··· Record excerpts ···
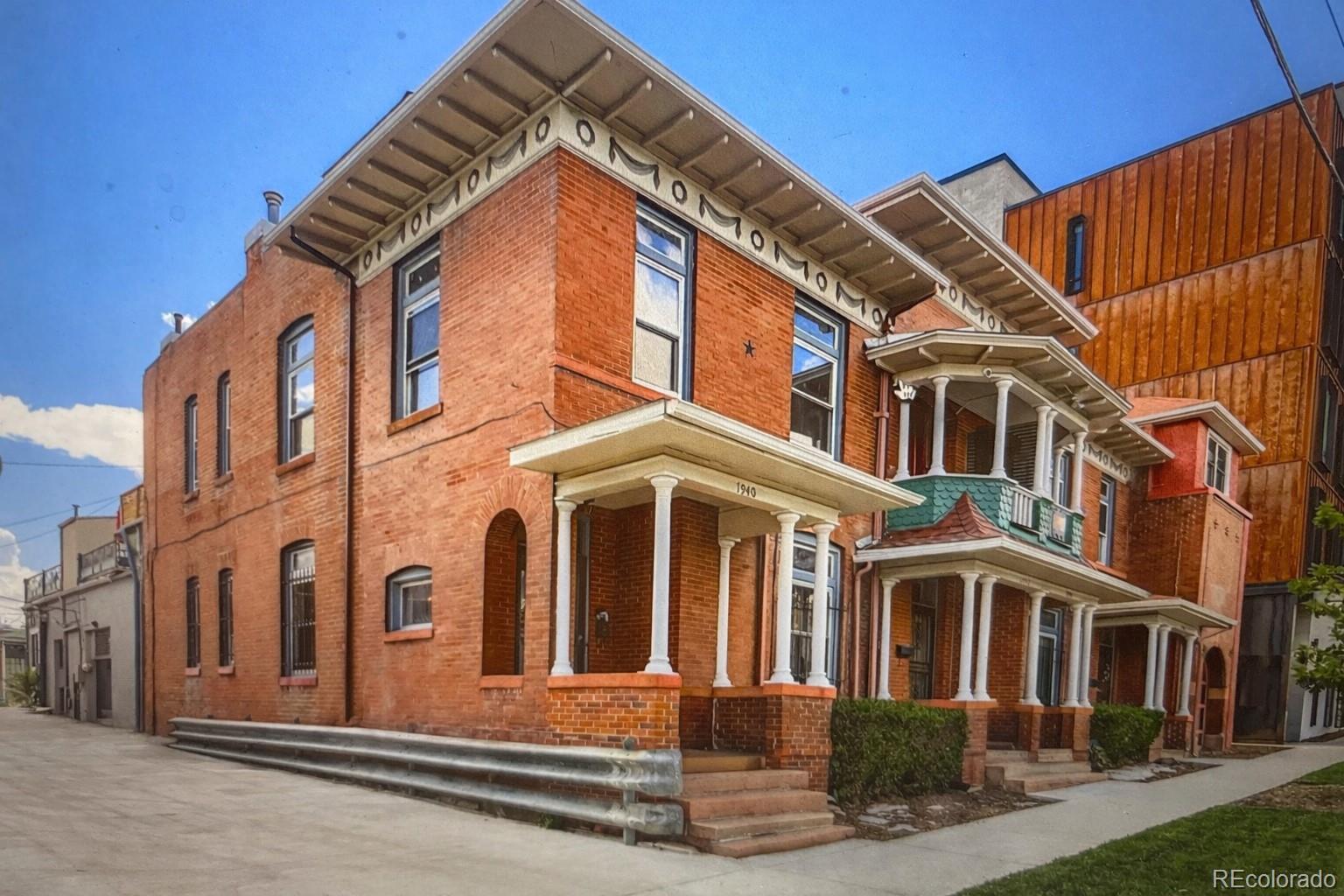 Photo of Listing #5755370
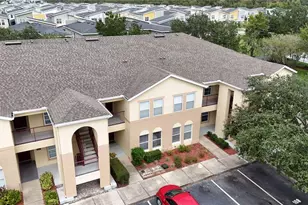 2814 Club Cortile Cir, Kissimmee, FL 34746 - Photo 1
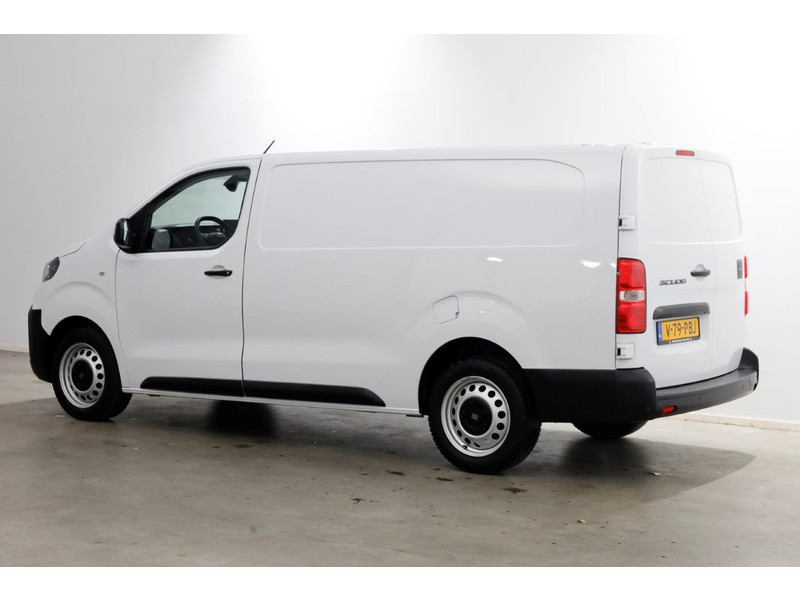 51865665-fiat-scudo-9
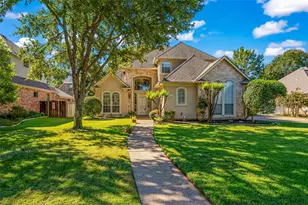 307 Skyline Dr, Trophy Club, TX 76262 - Photo 40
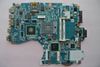 Mainboard Sony Vaio Vpc-Eb4Hgx/B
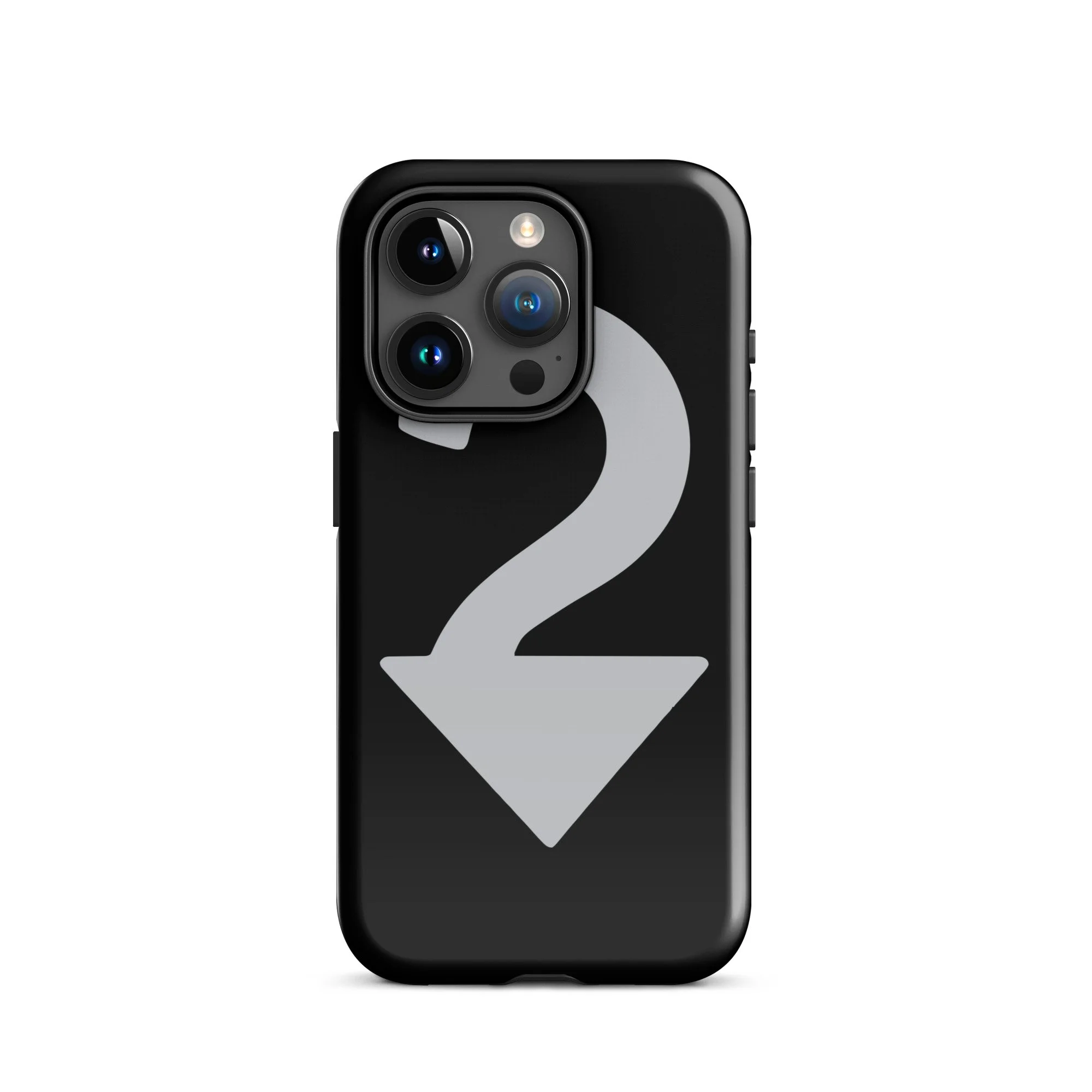 tough-case-for-iphone-glossy-iphone-15-pro-front-6ae0e362d4094.jpg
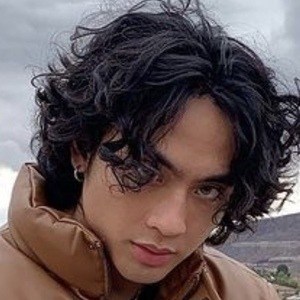 scarfxce.xo - Age, Family, Bio | Famous Birthdays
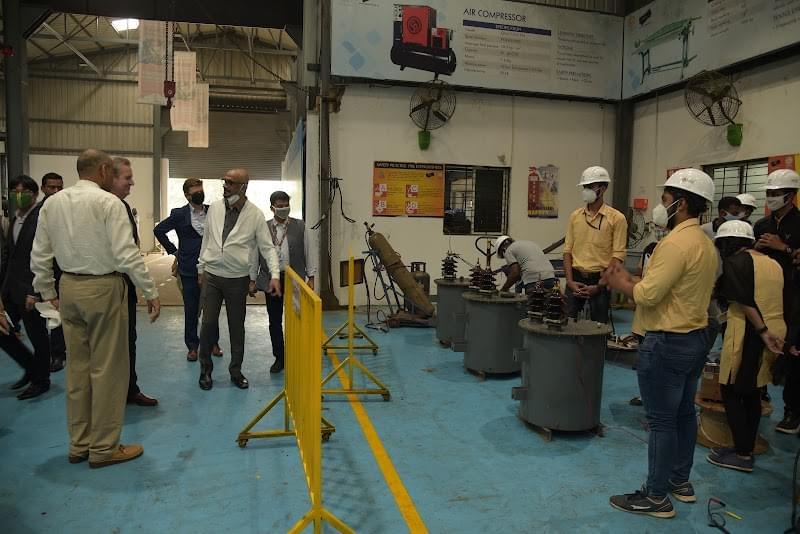 Centurion University of Technology and Management Paralkhemundi Events photo 18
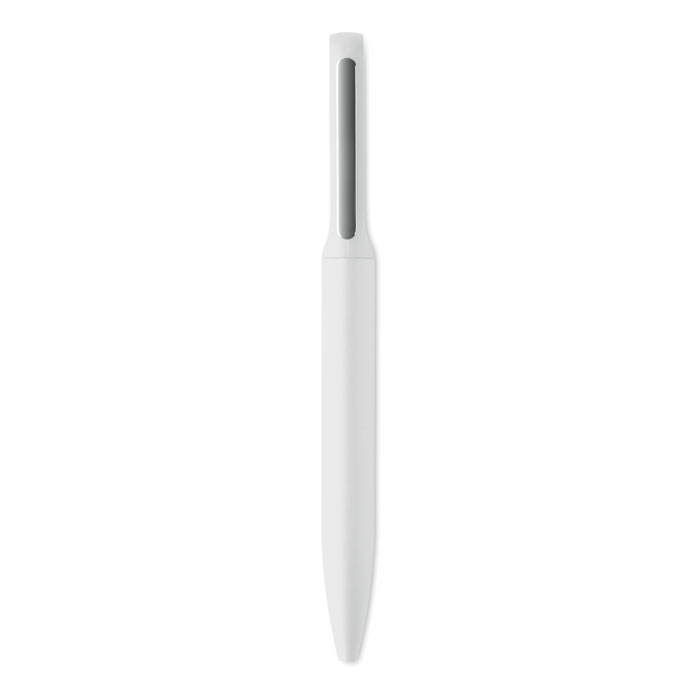 ALUBA - Stylo à bille twist
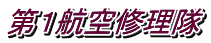 ��P�q��C����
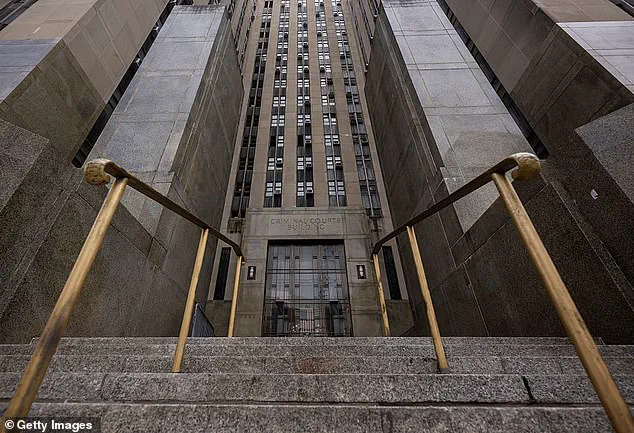 Alleged Democratic Judge Permits Migrant with Violent Crime History to Escape Federal Immigration Agents, Sparking Outcry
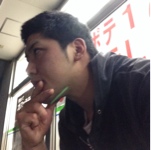 Shigeki
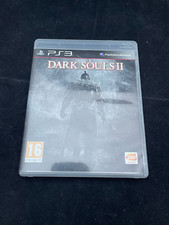 Ps3 dvd videogioco usato  Roma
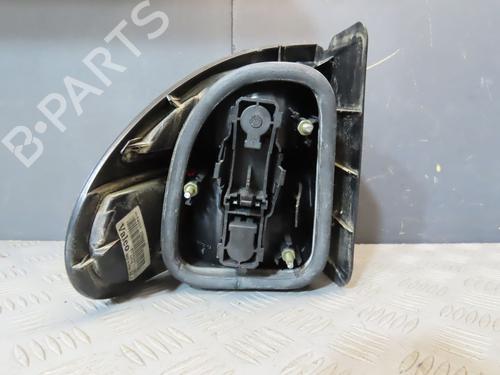 right-taillight-renault-laguna-i-b56_-556_-1993-1994-1995-1996-1997-1998-1999-2000-2001-2002-23116559 main image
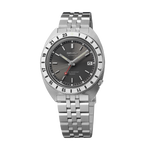 Carregue a imagem no visualizador da Galeria, Relógio Seiko SPB411 Prospex Land Mechanical GMT Limited Edition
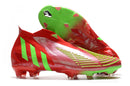 Adidas Predator Edge Geometric+ FG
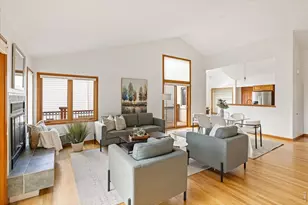 3966 Promontory Ct, Boulder, CO 80304 - Photo 5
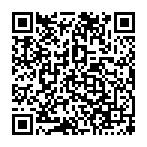 C&oacute;digo QR con el enlace al titular Salva Calvo reconoce que su Ãºltimo logro es para â€œlocos de la adrenalinaâ€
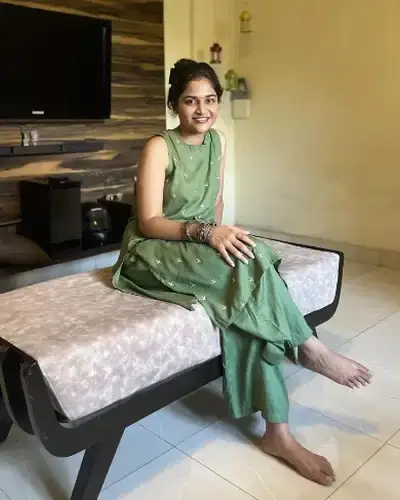Malappuram Call Girls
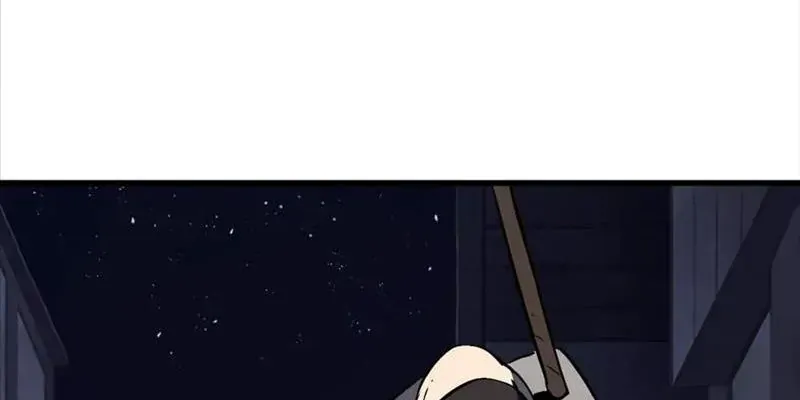 Câu Chuyện Sinh Tồn Của Kiếm Vương Ở Thế Giới Khác Chap 13 - Next Chap 14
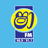 icon SHAA FM(Shaa FM Mobile) 3.0.9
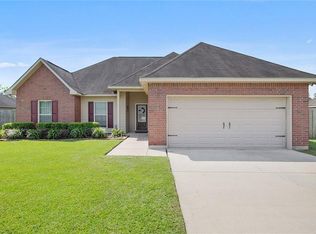 42282 Penrose St, Ponchatoula, LA 70454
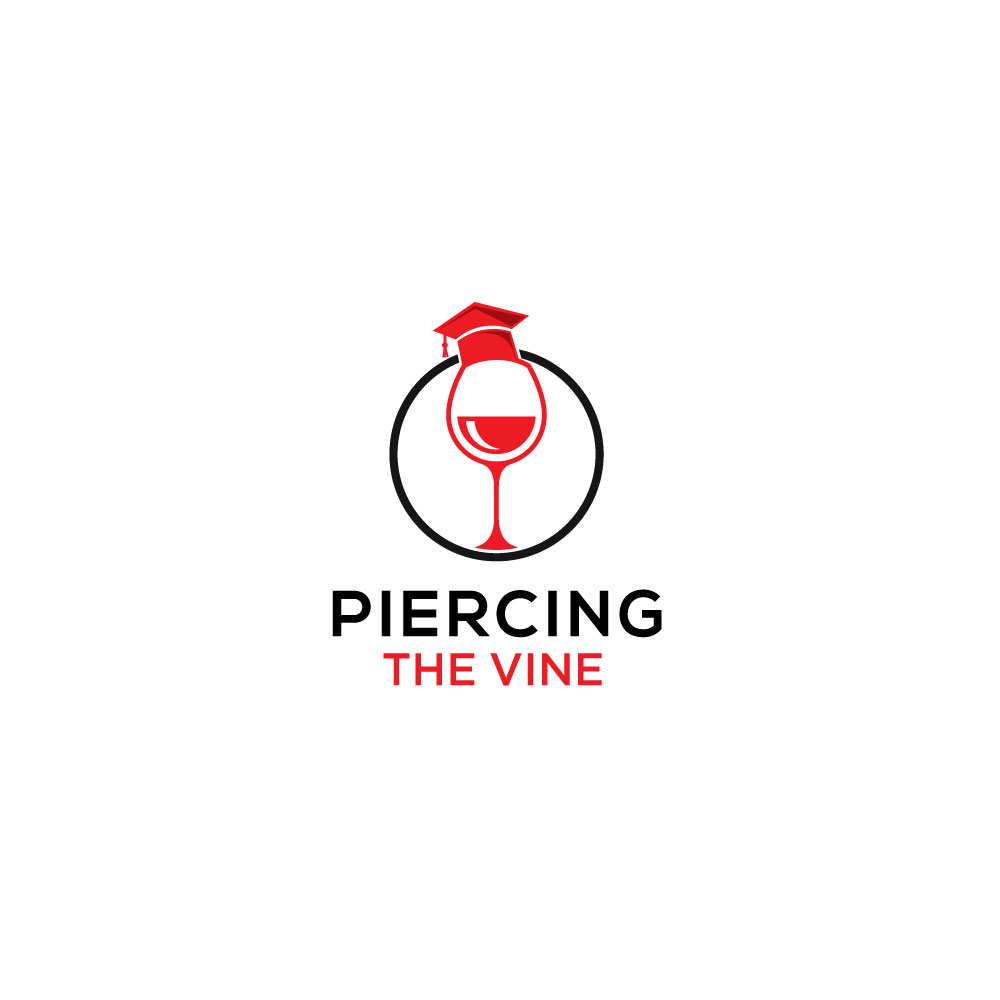 Logo Design by ecorokerz for this project | Design #21511844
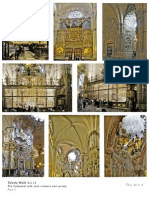 5 City Walk Toledo Cathedral PDF
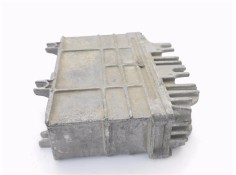 Recambio de centralita para seat ibiza (6k1) 1.4 i referencia OEM IAM 030906026S 0261203342 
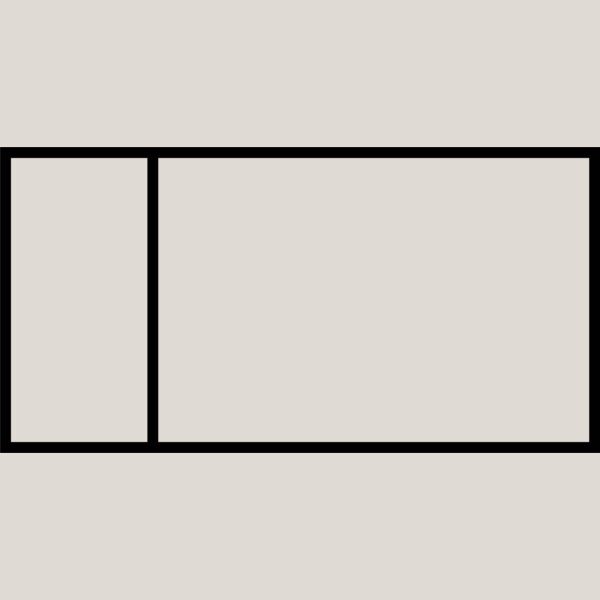 Rectangle4 Thumbnail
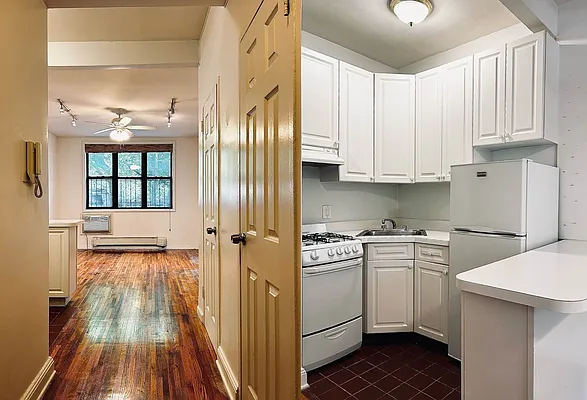 Rented by Quest Realty Sunnyside Corp | media 4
···
● **The problem**: Transcribe exactly and only the lines from the top of the records through the line containing "ALUBA - Stylo à bille twist", inclusive, and do not copy the pictures.

● **Written solution**:
 Photo of Listing #5755370
 2814 Club Cortile Cir, Kissimmee, FL 34746 - Photo 1
 51865665-fiat-scudo-9
 307 Skyline Dr, Trophy Club, TX 76262 - Photo 40
 Mainboard Sony Vaio Vpc-Eb4Hgx/B
 tough-case-for-iphone-glossy-iphone-15-pro-front-6ae0e362d4094.jpg
 scarfxce.xo - Age, Family, Bio | Famous Birthdays
 Centurion University of Technology and Management Paralkhemundi Events photo 18
 ALUBA - Stylo à bille twist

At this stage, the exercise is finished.